Open-Scoring Still Widely Resisted
Although the LFA used open-scoring throughout its Kansas residencies during the fall of 2020, by and large, this practice is still resisted by many in the MMA community. Why? Why is the practice of open-scoring still widely a bone of contention among so many in the sport?
Unlike some of life’s problems, there, unfortunately, is no singular answer as far as the open-scoring dilemma. The topic is still one that is ripe for debate and it all depends upon who you ask about it.
Dana White On Open-Scoring
“If you saw your score up there, all you have to do is stay away from this guy for the next five minutes,” White argued. “That makes for a lot of bad third rounds.”
It should be mentioned, however, that the UFC is unlikely to return to Colorado, the state where its inaugural card was held in the fall of 1993, in the near future, as the promotion’s Vice President of Regulatory Affairs, Marc Ratner, is soundly opposed to the CSBC approving the use of knee strikes to a grounded opponent’s head as legal blows in MMA, also legal in ONE Championship.
Tony Cummings On Open-Scoring
“I think it applies real-time accountability,” Cummings said. “I should be answering questions (about judging) in real-time. I shouldn’t be answering them two or three days later.”
As per the Unified Rules of Mixed Martial Arts, there is currently no universal policy for open-scoring, leaving the decision to use open-scoring in combat sports (or not) in the hands of the various state athletic commissions.
Open-Scoring Across the Board in MMA Would Make For Entertaining Fights
While the debate both for and against universal open-scoring in MMA is likely not going away any time in the near future, in my opinion, having universal open-scoring would make for some rather exciting contests inside the cage.
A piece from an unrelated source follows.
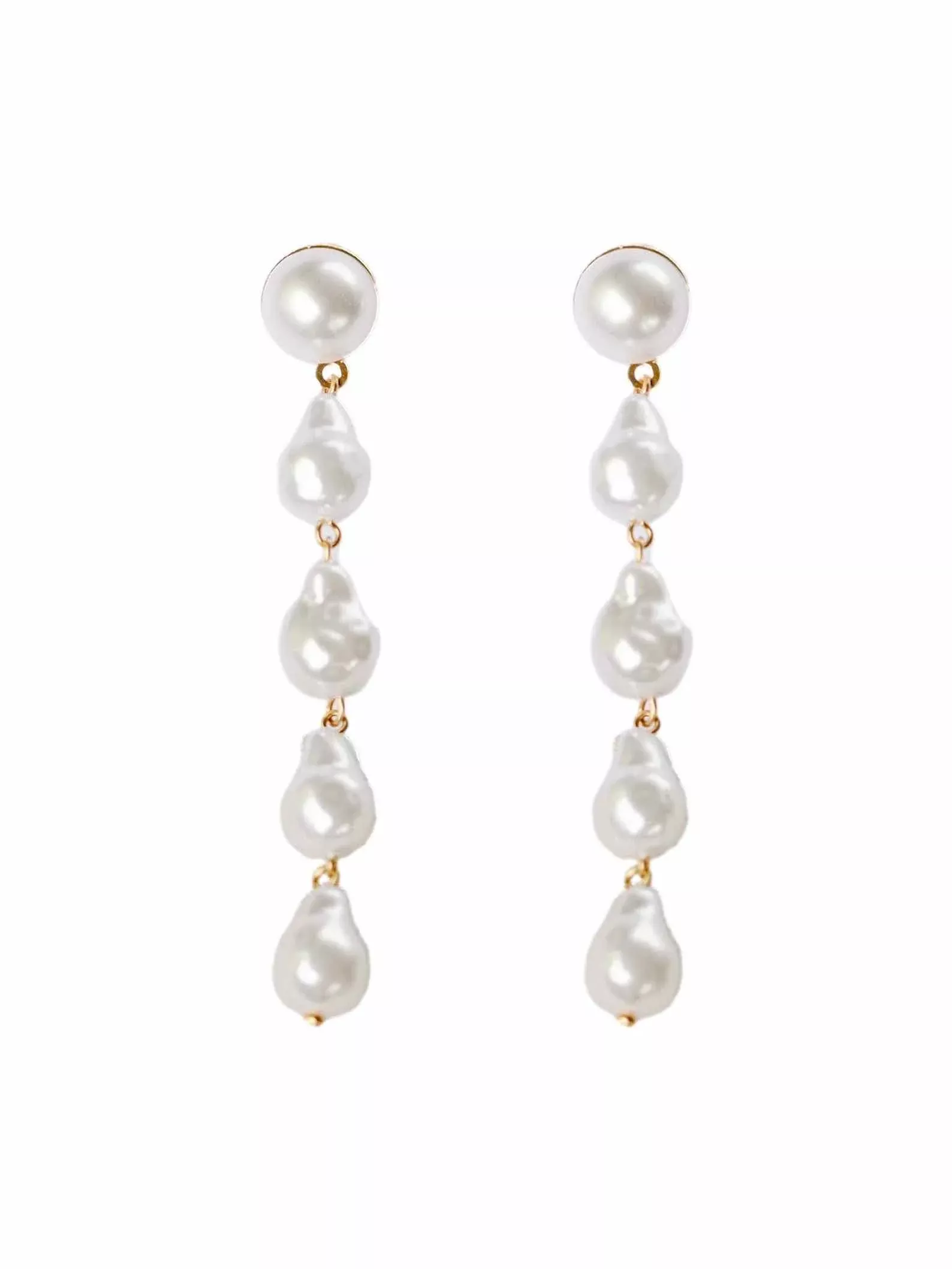 Natural Pearl Statement Drop Statement Earrings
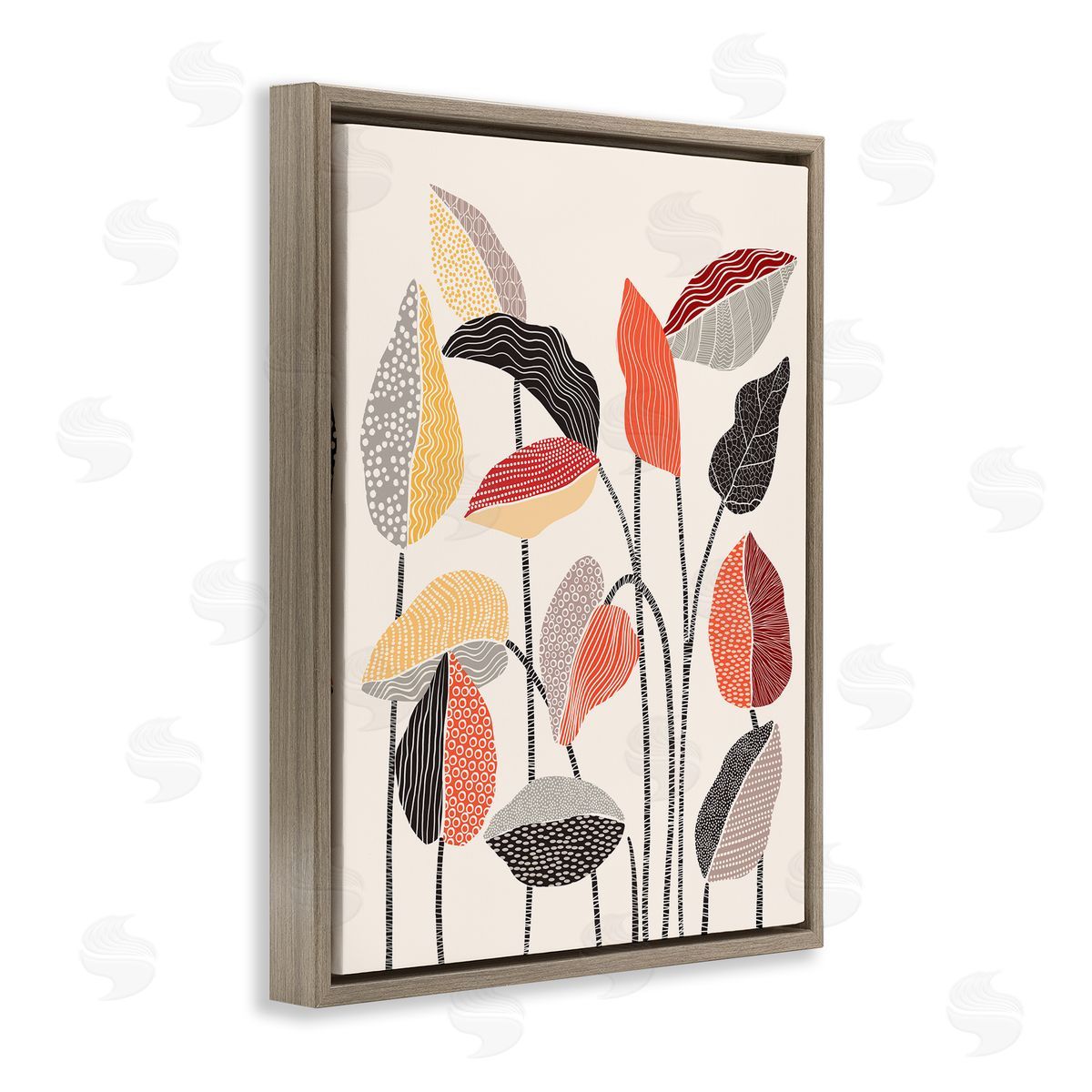 Ioana Horvat Modern Stripes Squiggle Pattern Flower Sprigs Botanical  Brown Floating Frame Canvas Wall Art Print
Think about this one for a moment:
If universal open-scoring were to be utilized in MMA, it could potentially result in the trailing fighter on the scorecards adjusting his or her gameplan during the 60-second break ahead of the last round to try and steal away the win via knockout or submission from the controlling fighter.
Open-scoring could yield to more contenders for the “Fight of the Night” award.
A single UFC Fight Night could have multiple “Fight of the Night” contenders with open-scoring, as opposed to those nights where you just know that there’s a clear-cut winner for the award, usually the headlining bout.
It would all start with universal open-scoring in MMA.